### [PROBLEM STATEMENT]
Set down nothing but the lines from the one containing "estas sopas instantáneas" to the final line of the material, exactly as written, and drop the pictures.

### [EXTRACTED ENTRIES]
○ ○ ○ ○ ○

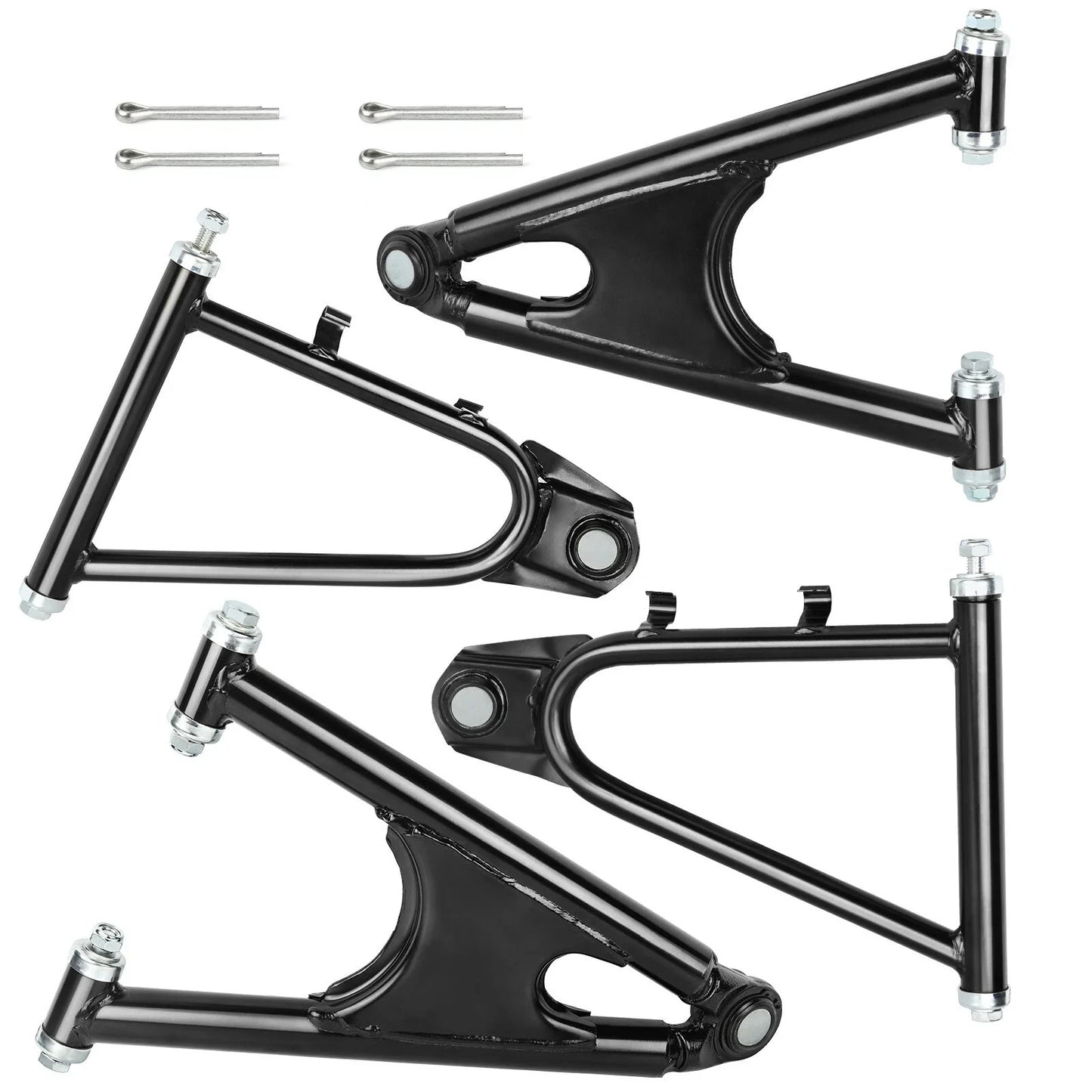 Front Upper and Lower Control A-Arms Set for Yamaha Banshee 350 (1987–2006)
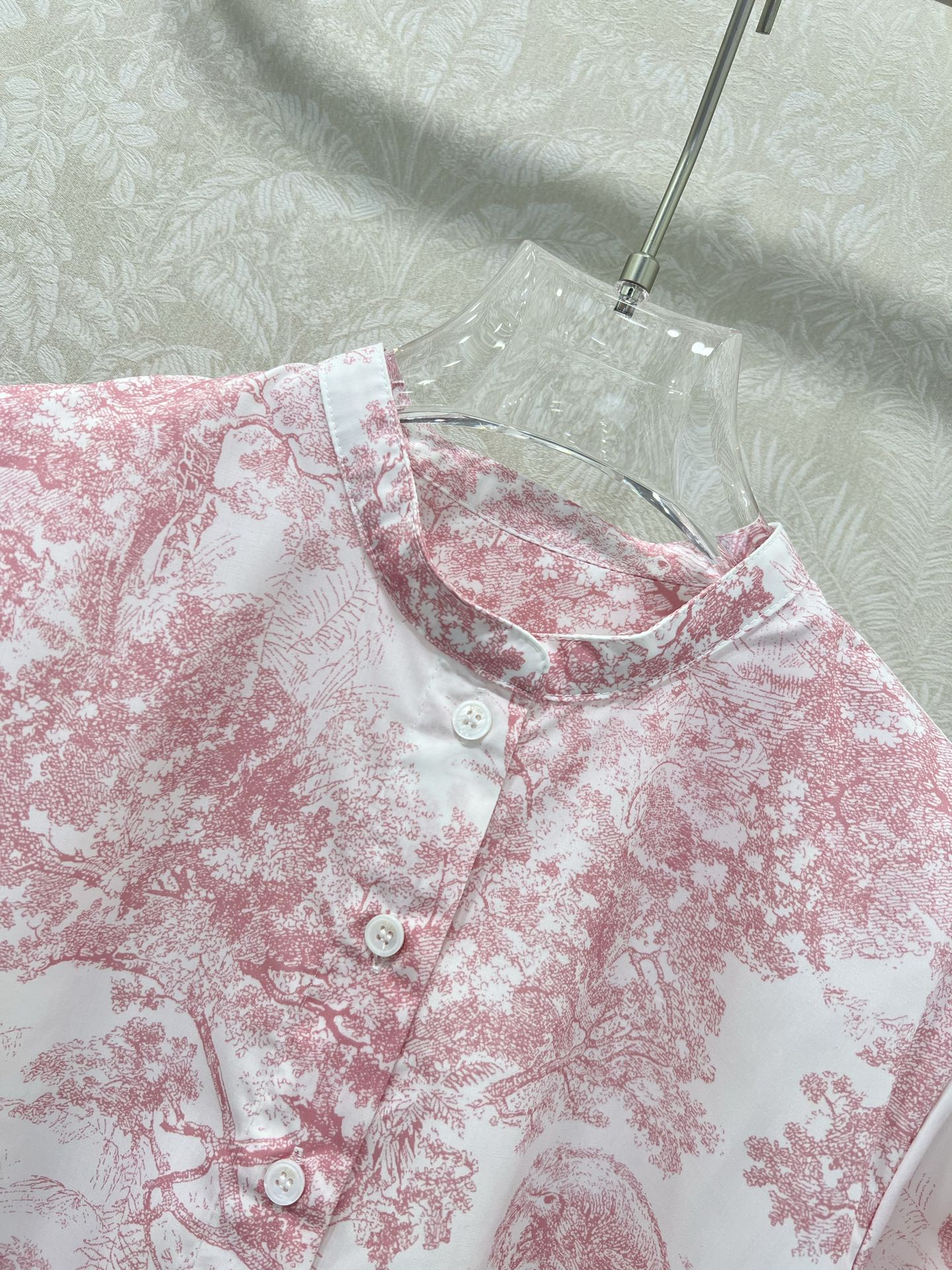 D 25 New Shirt Jungle Animal Print Long Sleeve Shirt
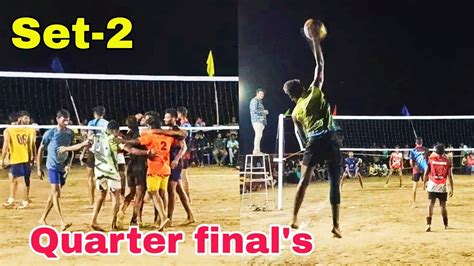 Venkanna Prashanth Naveen Vs Hari Ajay Yuva Set Quarter Final Match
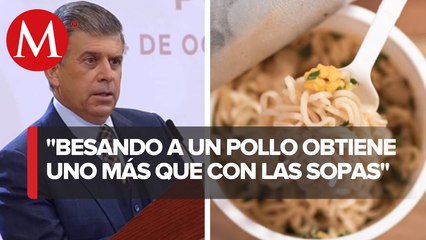 ¿Serán las Maruchan_ Profeco retirará del mercado estas sopas instantáneas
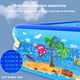 thumbnail image 5 of Piscina Inflable PVC Ygjytge Patrón Dibujos Animados Bañera Baño para Bebé Familiar (M), 5 of 9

○ ○ ○ ○ ○

### [WRITTEN ANSWER]
 ¿Serán las Maruchan_ Profeco retirará del mercado estas sopas instantáneas
 thumbnail image 5 of Piscina Inflable PVC Ygjytge Patrón Dibujos Animados Bañera Baño para Bebé Familiar (M), 5 of 9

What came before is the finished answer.